Saw lots of friends I really wish I saw outside of parties and then went on to Duckie. One act with a quick and witty gag and a fantastic jumper, one which didn't quite have enough chutzpah but seemed solid enough, then some standing around outside listening to music and shouted homophobic abuse from people driving past.

"I remember when they used to throw eggs."

"I used to be allergic to eggs. I got quite scared but secretly wanted to get hit so I'd die and it'd be dramatic."

"I can see the headline now - Man Killed By Homophobic Egg. I can't understand why someone would drive all the way over here with a box of eggs when they could be sat at home watching television or enjoying their improved chances with all the spare ladies we leave in our wake."

"Perhaps it's a sex thing."

"Internalised homophobia?"

"No, a fetish. I bet he'd turn up at the Hoist half an hour later trying to wank up a soufflé."

I love how rubbish we are at actually dealing with homophobia and instead of even acknowledging that someone was just shouting at us and wishing we were dead and instead turned to recipes and sex clubs.
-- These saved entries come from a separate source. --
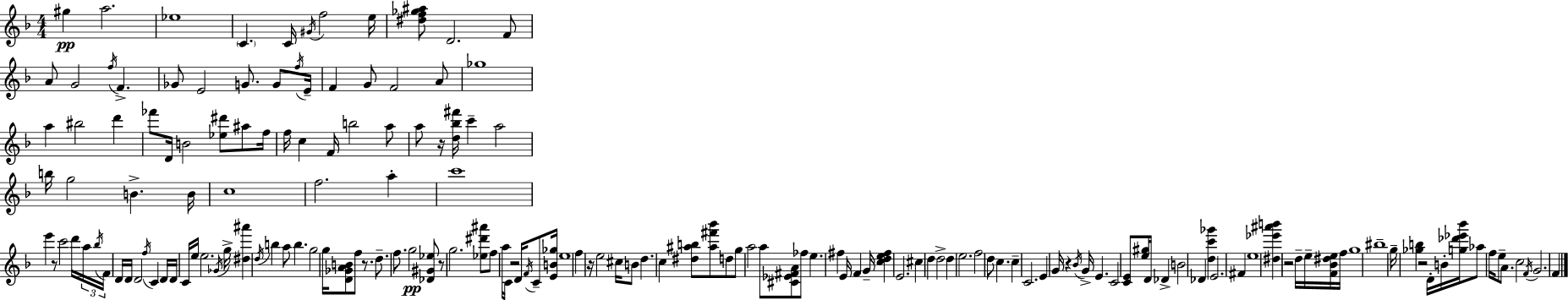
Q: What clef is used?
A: treble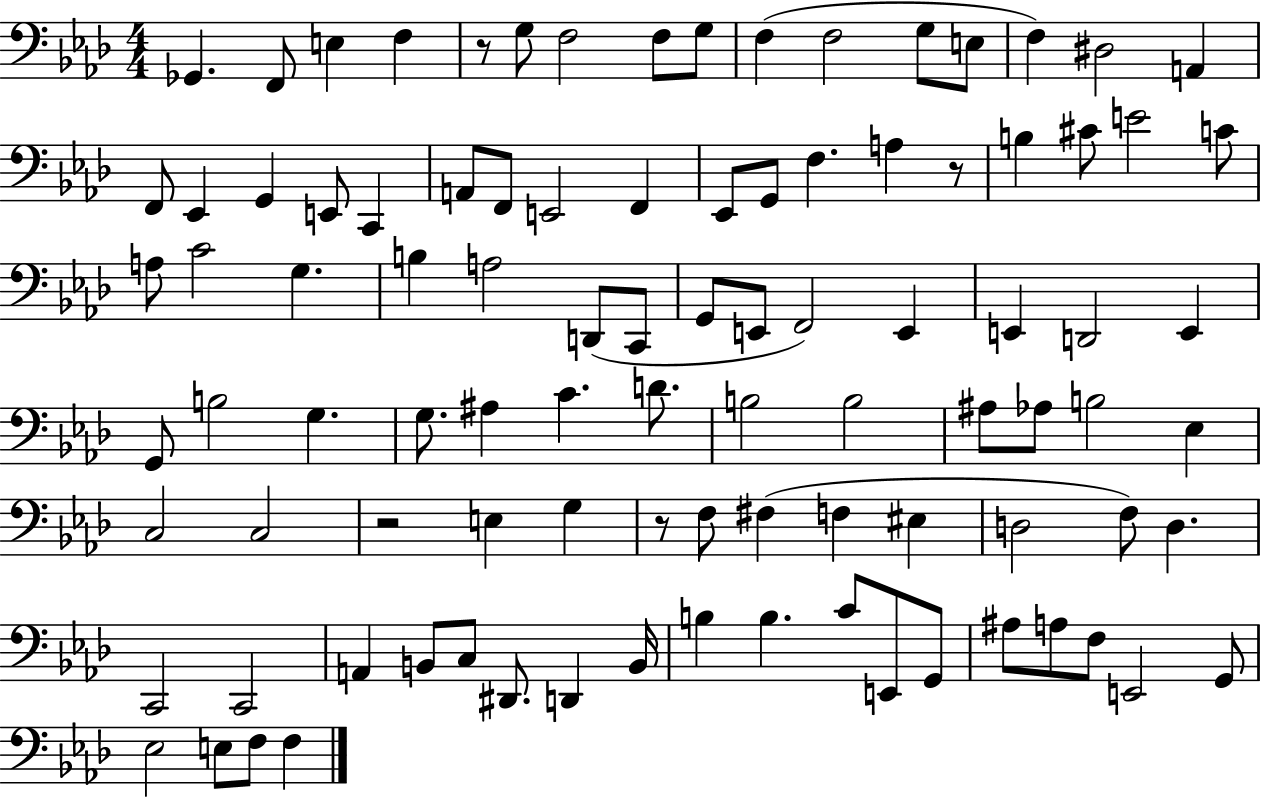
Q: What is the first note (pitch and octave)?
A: Gb2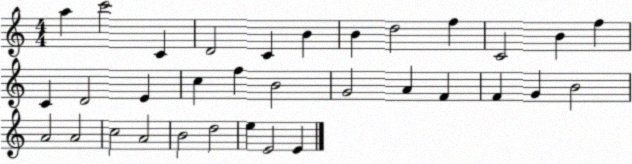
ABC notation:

X:1
T:Untitled
M:4/4
L:1/4
K:C
a c'2 C D2 C B B d2 f C2 B f C D2 E c f B2 G2 A F F G B2 A2 A2 c2 A2 B2 d2 e E2 E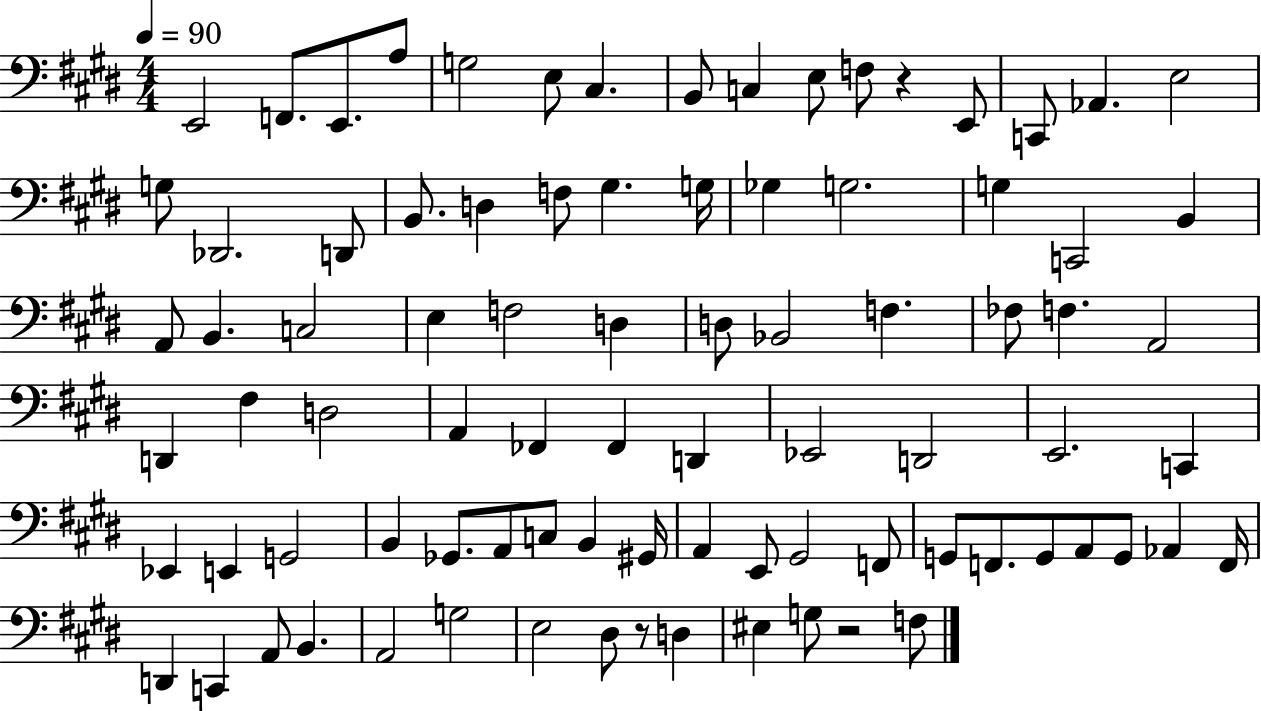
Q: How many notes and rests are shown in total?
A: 86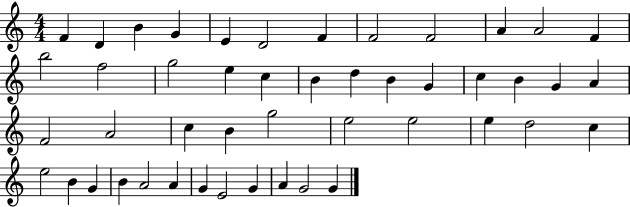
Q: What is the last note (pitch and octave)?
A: G4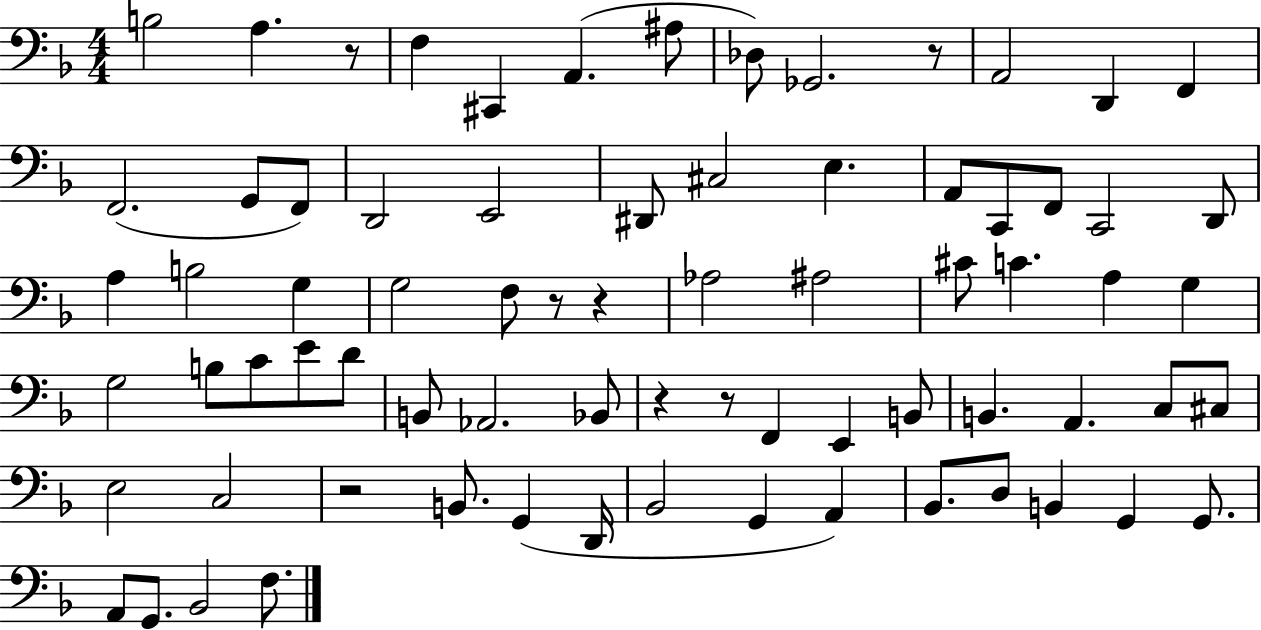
X:1
T:Untitled
M:4/4
L:1/4
K:F
B,2 A, z/2 F, ^C,, A,, ^A,/2 _D,/2 _G,,2 z/2 A,,2 D,, F,, F,,2 G,,/2 F,,/2 D,,2 E,,2 ^D,,/2 ^C,2 E, A,,/2 C,,/2 F,,/2 C,,2 D,,/2 A, B,2 G, G,2 F,/2 z/2 z _A,2 ^A,2 ^C/2 C A, G, G,2 B,/2 C/2 E/2 D/2 B,,/2 _A,,2 _B,,/2 z z/2 F,, E,, B,,/2 B,, A,, C,/2 ^C,/2 E,2 C,2 z2 B,,/2 G,, D,,/4 _B,,2 G,, A,, _B,,/2 D,/2 B,, G,, G,,/2 A,,/2 G,,/2 _B,,2 F,/2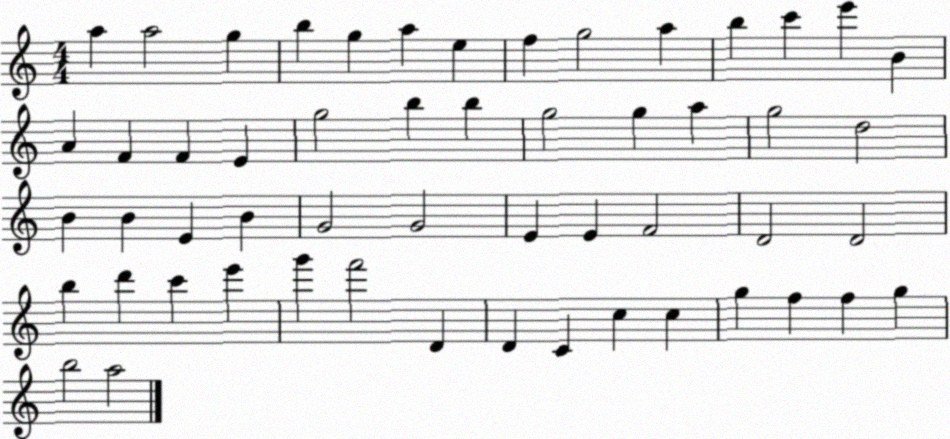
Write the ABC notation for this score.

X:1
T:Untitled
M:4/4
L:1/4
K:C
a a2 g b g a e f g2 a b c' e' B A F F E g2 b b g2 g a g2 d2 B B E B G2 G2 E E F2 D2 D2 b d' c' e' g' f'2 D D C c c g f f g b2 a2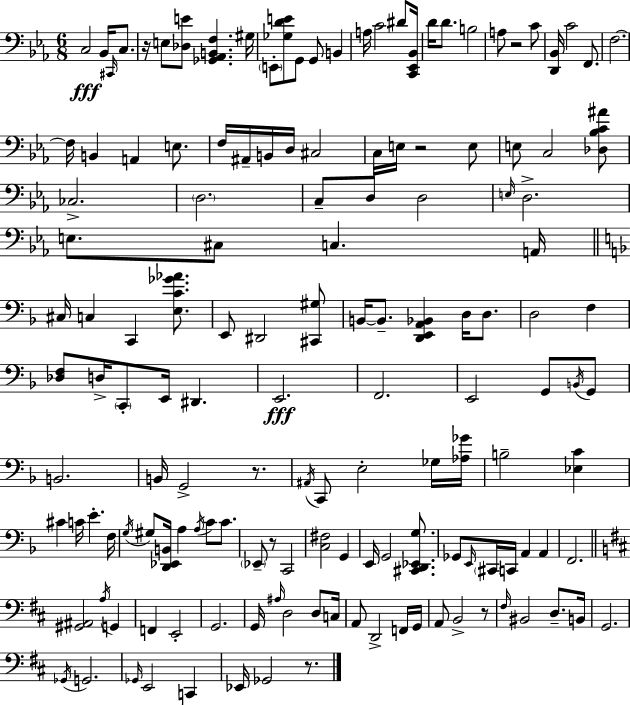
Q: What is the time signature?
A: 6/8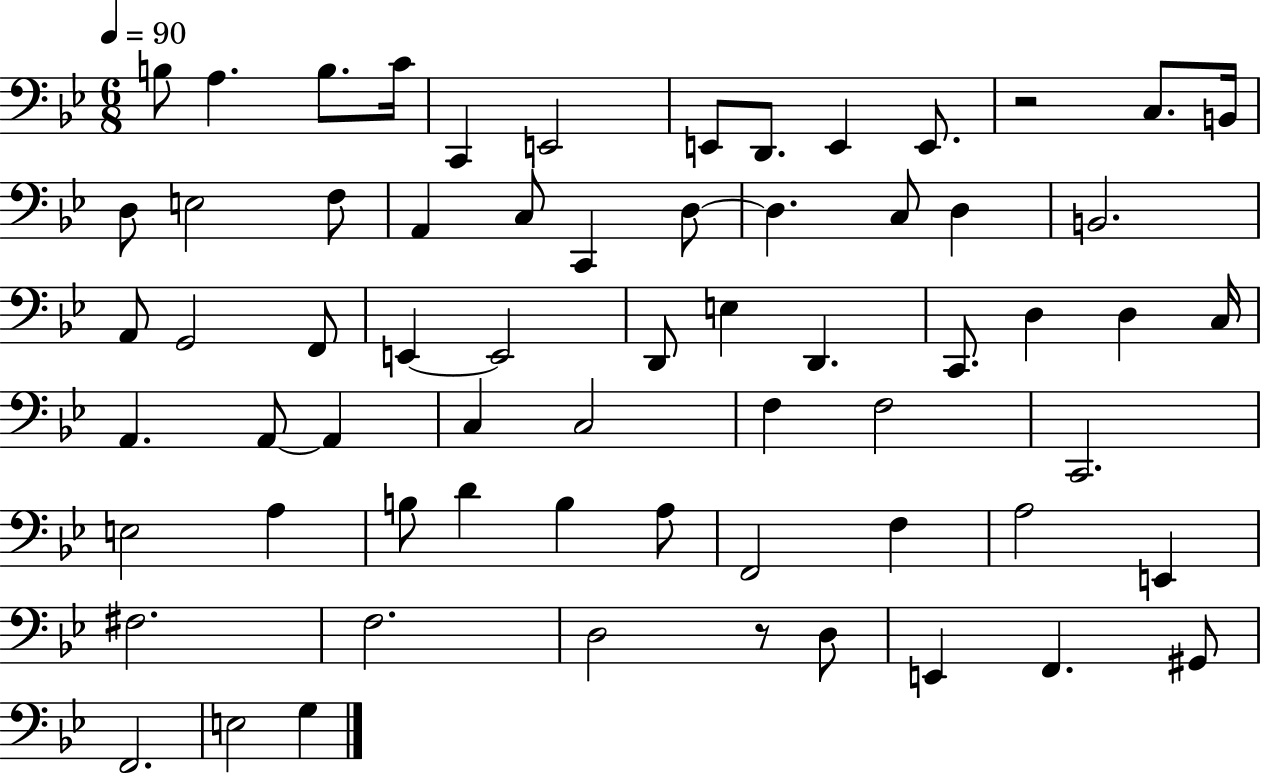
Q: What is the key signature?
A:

Speaking of which, Jonathan went on to show off his new outfit at one of those fashion clubs where every garment has to cost over £100 a piece or they won't let you in. Somehow he managed to get Griff in, too, wearing my hand-me-downs, so I lingered for a bit, got slightly affronted by someone's nonchalance about working for an oil prospecting company, "It's okay, if they asked me to help survey for Oil Sands, I'd walk away," as if otherwise it's okay. Still, I suppose it was good he was able to say Peak Oil point's certainly passed if we mean in terms of ease of acquisition, probably passed if we mean the point of maximum extraction and definitely not if we're talking about bioavailability in general, especially if we explore algae producing methods.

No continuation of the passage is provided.